YOUR ASSIGNMENT: What you return should match the data exactly, from the first line to the last.

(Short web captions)

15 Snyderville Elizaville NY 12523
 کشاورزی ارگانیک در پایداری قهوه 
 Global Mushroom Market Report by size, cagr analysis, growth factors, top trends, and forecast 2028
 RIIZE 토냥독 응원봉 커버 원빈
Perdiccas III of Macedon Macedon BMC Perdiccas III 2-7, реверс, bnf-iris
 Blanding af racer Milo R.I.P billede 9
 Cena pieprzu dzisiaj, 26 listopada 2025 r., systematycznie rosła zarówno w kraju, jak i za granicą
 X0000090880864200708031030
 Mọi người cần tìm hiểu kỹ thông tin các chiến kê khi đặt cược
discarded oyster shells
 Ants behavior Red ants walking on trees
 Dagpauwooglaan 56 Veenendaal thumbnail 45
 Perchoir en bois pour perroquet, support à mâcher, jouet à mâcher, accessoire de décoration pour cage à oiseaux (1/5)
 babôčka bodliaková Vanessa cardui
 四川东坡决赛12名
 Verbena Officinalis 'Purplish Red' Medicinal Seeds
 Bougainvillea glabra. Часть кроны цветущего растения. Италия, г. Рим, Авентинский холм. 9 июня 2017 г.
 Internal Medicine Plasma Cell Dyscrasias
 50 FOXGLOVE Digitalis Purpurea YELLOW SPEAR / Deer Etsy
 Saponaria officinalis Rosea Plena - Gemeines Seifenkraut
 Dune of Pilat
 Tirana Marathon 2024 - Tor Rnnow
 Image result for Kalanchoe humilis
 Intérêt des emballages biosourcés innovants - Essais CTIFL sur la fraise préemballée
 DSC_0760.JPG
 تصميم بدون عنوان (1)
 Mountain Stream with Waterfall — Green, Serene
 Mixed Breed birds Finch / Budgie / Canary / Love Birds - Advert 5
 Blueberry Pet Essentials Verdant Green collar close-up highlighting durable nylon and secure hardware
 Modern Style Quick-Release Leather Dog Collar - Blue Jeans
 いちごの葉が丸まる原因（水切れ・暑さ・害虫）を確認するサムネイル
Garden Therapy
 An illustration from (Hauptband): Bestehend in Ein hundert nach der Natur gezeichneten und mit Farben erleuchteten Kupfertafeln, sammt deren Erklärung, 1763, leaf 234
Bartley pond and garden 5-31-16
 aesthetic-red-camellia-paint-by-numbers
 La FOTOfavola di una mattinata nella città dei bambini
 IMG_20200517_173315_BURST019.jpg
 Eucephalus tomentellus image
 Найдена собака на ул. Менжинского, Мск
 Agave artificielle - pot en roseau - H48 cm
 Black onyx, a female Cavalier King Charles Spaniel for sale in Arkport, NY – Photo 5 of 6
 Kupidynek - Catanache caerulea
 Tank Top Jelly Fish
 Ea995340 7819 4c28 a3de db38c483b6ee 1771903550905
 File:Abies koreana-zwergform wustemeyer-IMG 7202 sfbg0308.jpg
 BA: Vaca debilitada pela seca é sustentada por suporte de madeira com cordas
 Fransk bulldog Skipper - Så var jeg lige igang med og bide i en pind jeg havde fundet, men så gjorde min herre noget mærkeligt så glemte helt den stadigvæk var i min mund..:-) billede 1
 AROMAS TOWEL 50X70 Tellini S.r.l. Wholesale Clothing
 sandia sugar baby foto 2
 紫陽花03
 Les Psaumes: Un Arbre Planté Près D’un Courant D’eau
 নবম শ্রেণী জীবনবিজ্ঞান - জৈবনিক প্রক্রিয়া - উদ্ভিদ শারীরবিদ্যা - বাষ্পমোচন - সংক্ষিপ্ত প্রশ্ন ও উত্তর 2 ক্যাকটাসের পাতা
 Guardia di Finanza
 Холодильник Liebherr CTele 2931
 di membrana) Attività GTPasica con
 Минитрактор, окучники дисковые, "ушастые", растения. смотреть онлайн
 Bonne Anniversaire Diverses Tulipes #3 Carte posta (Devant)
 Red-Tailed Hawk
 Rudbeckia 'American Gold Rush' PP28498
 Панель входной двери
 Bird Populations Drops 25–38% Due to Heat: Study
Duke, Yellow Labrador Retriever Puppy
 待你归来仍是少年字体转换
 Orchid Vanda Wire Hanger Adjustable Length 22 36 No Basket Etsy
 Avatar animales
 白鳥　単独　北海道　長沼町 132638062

WRITTEN SOLUTION:
15 Snyderville Elizaville NY 12523
 کشاورزی ارگانیک در پایداری قهوه 
 Global Mushroom Market Report by size, cagr analysis, growth factors, top trends, and forecast 2028
 RIIZE 토냥독 응원봉 커버 원빈
Perdiccas III of Macedon Macedon BMC Perdiccas III 2-7, реверс, bnf-iris
 Blanding af racer Milo R.I.P billede 9
 Cena pieprzu dzisiaj, 26 listopada 2025 r., systematycznie rosła zarówno w kraju, jak i za granicą
 X0000090880864200708031030
 Mọi người cần tìm hiểu kỹ thông tin các chiến kê khi đặt cược
discarded oyster shells
 Ants behavior Red ants walking on trees
 Dagpauwooglaan 56 Veenendaal thumbnail 45
 Perchoir en bois pour perroquet, support à mâcher, jouet à mâcher, accessoire de décoration pour cage à oiseaux (1/5)
 babôčka bodliaková Vanessa cardui
 四川东坡决赛12名
 Verbena Officinalis 'Purplish Red' Medicinal Seeds
 Bougainvillea glabra. Часть кроны цветущего растения. Италия, г. Рим, Авентинский холм. 9 июня 2017 г.
 Internal Medicine Plasma Cell Dyscrasias
 50 FOXGLOVE Digitalis Purpurea YELLOW SPEAR / Deer Etsy
 Saponaria officinalis Rosea Plena - Gemeines Seifenkraut
 Dune of Pilat
 Tirana Marathon 2024 - Tor Rnnow
 Image result for Kalanchoe humilis
 Intérêt des emballages biosourcés innovants - Essais CTIFL sur la fraise préemballée
 DSC_0760.JPG
 تصميم بدون عنوان (1)
 Mountain Stream with Waterfall — Green, Serene
 Mixed Breed birds Finch / Budgie / Canary / Love Birds - Advert 5
 Blueberry Pet Essentials Verdant Green collar close-up highlighting durable nylon and secure hardware
 Modern Style Quick-Release Leather Dog Collar - Blue Jeans
 いちごの葉が丸まる原因（水切れ・暑さ・害虫）を確認するサムネイル
Garden Therapy
 An illustration from (Hauptband): Bestehend in Ein hundert nach der Natur gezeichneten und mit Farben erleuchteten Kupfertafeln, sammt deren Erklärung, 1763, leaf 234
Bartley pond and garden 5-31-16
 aesthetic-red-camellia-paint-by-numbers
 La FOTOfavola di una mattinata nella città dei bambini
 IMG_20200517_173315_BURST019.jpg
 Eucephalus tomentellus image
 Найдена собака на ул. Менжинского, Мск
 Agave artificielle - pot en roseau - H48 cm
 Black onyx, a female Cavalier King Charles Spaniel for sale in Arkport, NY – Photo 5 of 6
 Kupidynek - Catanache caerulea
 Tank Top Jelly Fish
 Ea995340 7819 4c28 a3de db38c483b6ee 1771903550905
 File:Abies koreana-zwergform wustemeyer-IMG 7202 sfbg0308.jpg
 BA: Vaca debilitada pela seca é sustentada por suporte de madeira com cordas
 Fransk bulldog Skipper - Så var jeg lige igang med og bide i en pind jeg havde fundet, men så gjorde min herre noget mærkeligt så glemte helt den stadigvæk var i min mund..:-) billede 1
 AROMAS TOWEL 50X70 Tellini S.r.l. Wholesale Clothing
 sandia sugar baby foto 2
 紫陽花03
 Les Psaumes: Un Arbre Planté Près D’un Courant D’eau
 নবম শ্রেণী জীবনবিজ্ঞান - জৈবনিক প্রক্রিয়া - উদ্ভিদ শারীরবিদ্যা - বাষ্পমোচন - সংক্ষিপ্ত প্রশ্ন ও উত্তর 2 ক্যাকটাসের পাতা
 Guardia di Finanza
 Холодильник Liebherr CTele 2931
 di membrana) Attività GTPasica con
 Минитрактор, окучники дисковые, "ушастые", растения. смотреть онлайн
 Bonne Anniversaire Diverses Tulipes #3 Carte posta (Devant)
 Red-Tailed Hawk
 Rudbeckia 'American Gold Rush' PP28498
 Панель входной двери
 Bird Populations Drops 25–38% Due to Heat: Study
Duke, Yellow Labrador Retriever Puppy
 待你归来仍是少年字体转换
 Orchid Vanda Wire Hanger Adjustable Length 22 36 No Basket Etsy
 Avatar animales
 白鳥　単独　北海道　長沼町 132638062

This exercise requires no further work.